**Exercise instructions**
Using the listing below, set down exactly the lines from the one that contains "Dragon Flight (Dragon Adventures)" through the one that contains "2023 Kia Niro EV Wind", with no pictures.

**Record excerpts**

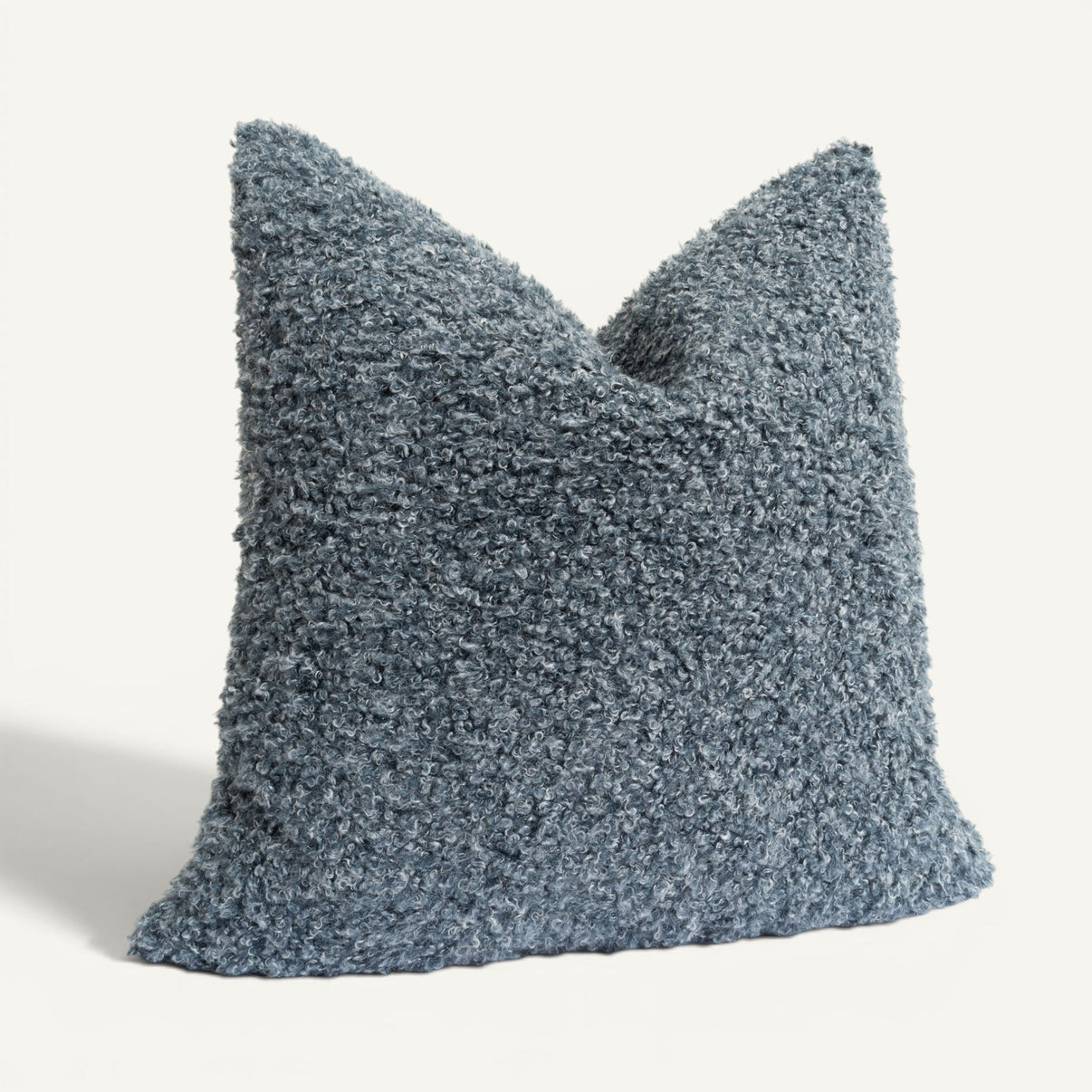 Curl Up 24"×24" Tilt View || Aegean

==

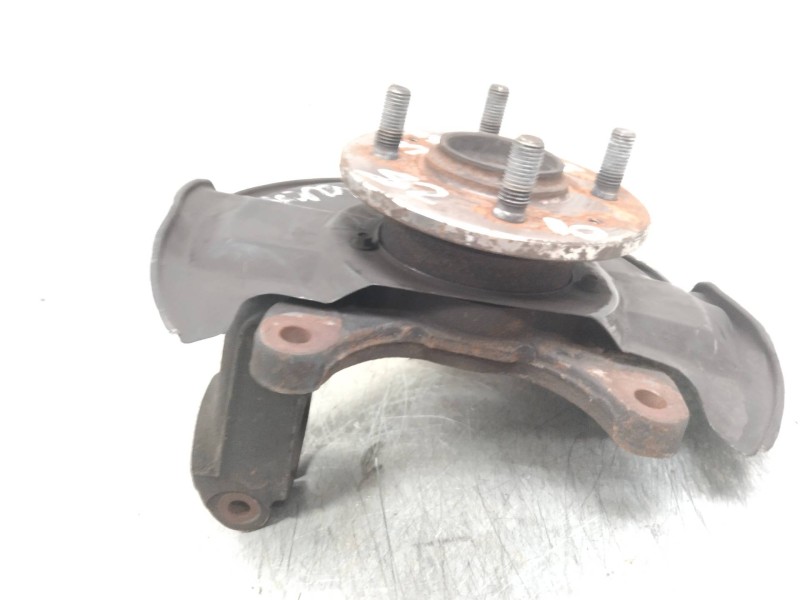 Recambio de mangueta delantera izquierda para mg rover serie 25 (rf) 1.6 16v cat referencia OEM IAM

==

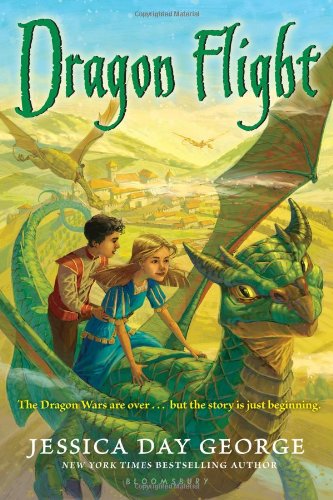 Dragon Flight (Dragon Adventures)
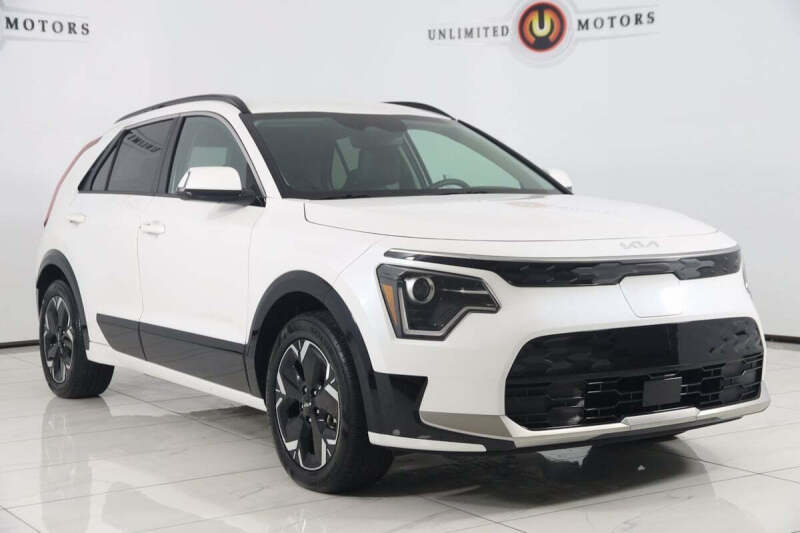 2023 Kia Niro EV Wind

**Finished task**
 Dragon Flight (Dragon Adventures)
 2023 Kia Niro EV Wind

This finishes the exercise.